First, let me give you a general idea of how searches work. When someone goes missing, an initial or “hasty search” is performed. This typically involves a group of very strong and quick searchers, covering the most likely area the subject might be, based upon the best information available at the time. In maybe 60% – 70% of the cases the subject is quickly found and everyone goes home happy (BTW, I’m pulling these percentages out of my ass to make a point. They are not from anywhere credible). If the hasty search doesn’t find the subject, it gets escalated into a much larger search, eventually bringing in other search teams to assist. This may drive the success rate up to perhaps 98%. But note that there remains some small unfortunate percentage of the time in which the subject is NOT found.
What happens in these cases? The truth is, not much. Authority figures may say things publicly to the extent that, “The searching will continue on a reduced basis”, but that’s almost never really true. Search and rescue teams are mostly volunteers, who have other things to do in their lives or must focus on current cases where lives are in immediate jeopardy. That’s clearly the best use of resources. Very few teams will go back into the field months later and spend much time looking for those they’ve failed to find (I tip my metaphorical hat to those that do). The powers-that-be rely on hunters (who wander all over the landscape) or cross country hikers to eventually stumble upon the remains of the long missing. This could take years, decades or never.
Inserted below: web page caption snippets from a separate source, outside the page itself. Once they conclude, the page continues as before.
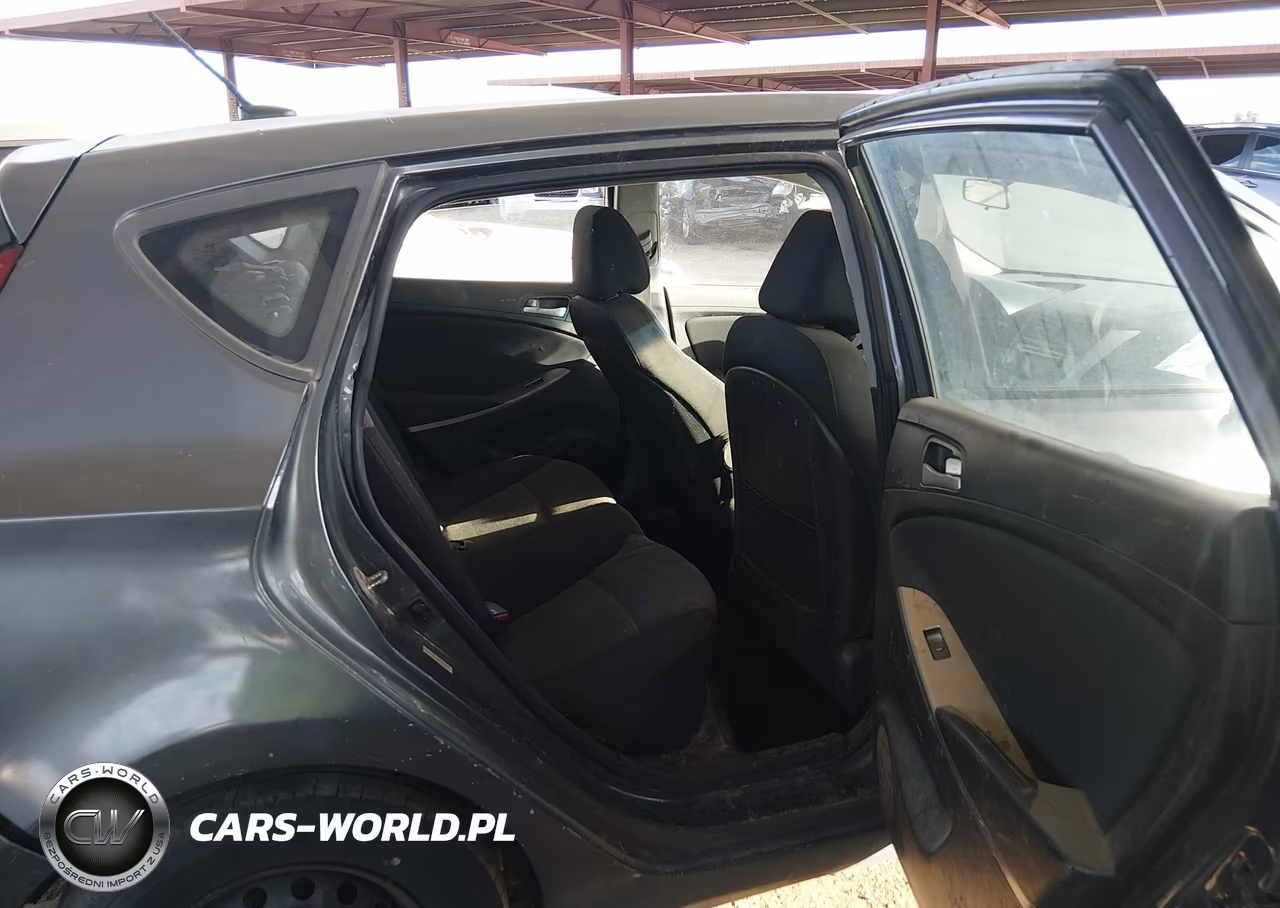 2013 Hyundai Accent Gs VIN:KMHCT5AE8DU086082 - 8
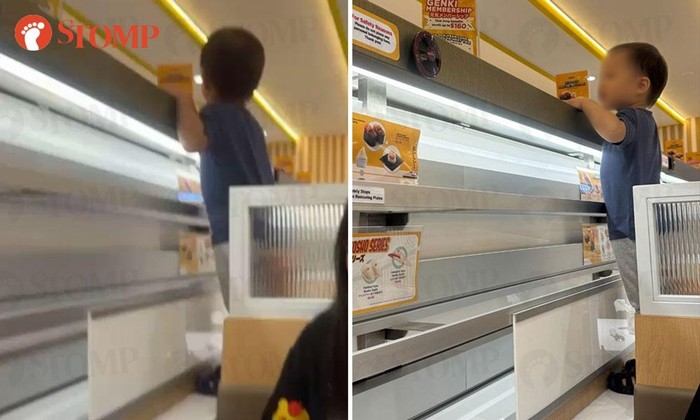 **Duh! Ada Balita Naik ke Atas Meja Restoran dan Sentuh Sushi**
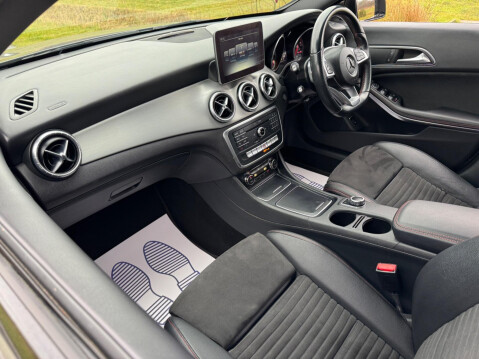 Mercedes-Benz CLA Class 2.1 CLA220d AMG Line Coupe 7G-DCT Euro 6 (s/s) 4dr 37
And during the interim, the families of the missing are left hanging or go out on ill-fated hunts of their own.
Now I’ve spent a lot of my life looking for “things”. “Things” have included aircraft wrecks, lost mines, meteorites, caves, petroglyphs, ghost towns and pretty much any sort of strange shit in the middle of nowhere. These days, with the all-reaching Innerwebz, there are all sorts of websites devoted to looking for such things and many people out there looking. It’s getting damn crowded.
It wasn’t until I got into search and rescue that I realized no one was looking for friggin’ long lost PEOPLE! Of all the things to look for, wouldn’t someone’s missing family member be maybe the most socially useful? I mean, look at all the crazed people out there wandering around looking for silly geocaches, where people deliberately hide things and others then look for them. Sort of like digging a hole and filling it back up. Why not look for missing humans instead? Wouldn’t that be, oh I don’t know….more beneficial??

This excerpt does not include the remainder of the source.